● **EXERCISE BRIEF**
Up to and including the line bearing "Next we have", output every line of the entries exactly as written, starting from the first; pictures stay out.

● **STUDY MATERIAL**
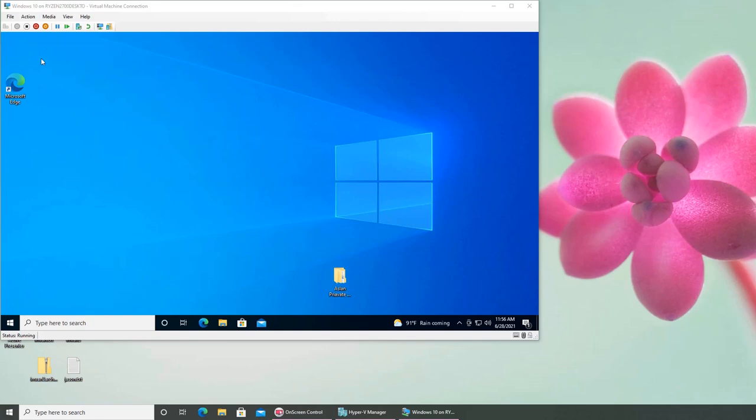All right, so that icon is gone now. That's the power of group policy.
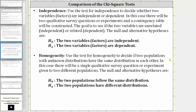Next we have homogeneity. Use the test for homogeneity to decide if two populations with unknown distributions have the same distribution as each other. There will be a single qualitative survey question or experiment given to two different populations. The null hypothesis is the two populations follow the same distribution, and the alternative hypothesis is the two populations have different distributions.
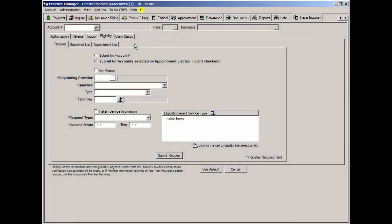Prior to successfully sending eligibility requests, you need to configure the applicable insurances for eligibility requests. To do this, you will need the payer ID number for those insurances you will be sending eligibility requests to and then configure that information within Practice Manager.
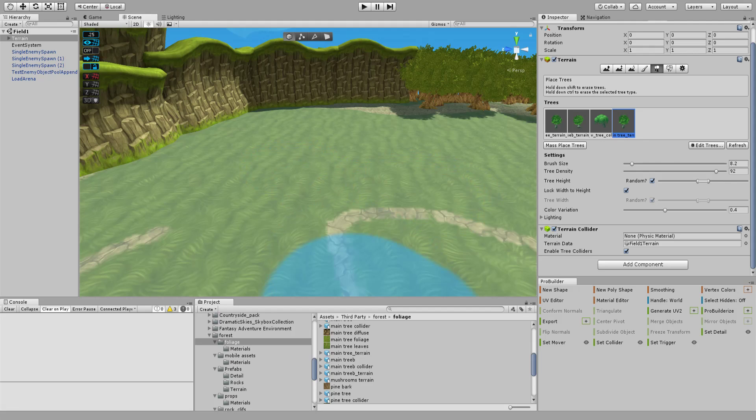When importing certain Unity Asset Store packages, you get terrain objects like cliffs, bushes, trees, and things of that nature.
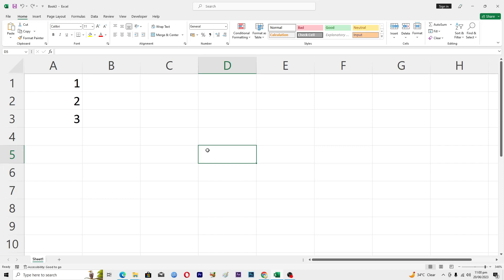Hello guys and welcome back to my channel. In this video I will tell you how to insert a background image in Microsoft Excel. Before starting this video, make sure to like this video and subscribe to our YouTube channel for more tips and tricks like this one.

● **TASK RESULT**
All right, so that icon is gone now. That's the power of group policy.
Next we have homogeneity. Use the test for homogeneity to decide if two populations with unknown distributions have the same distribution as each other. There will be a single qualitative survey question or experiment given to two different populations. The null hypothesis is the two populations follow the same distribution, and the alternative hypothesis is the two populations have different distributions.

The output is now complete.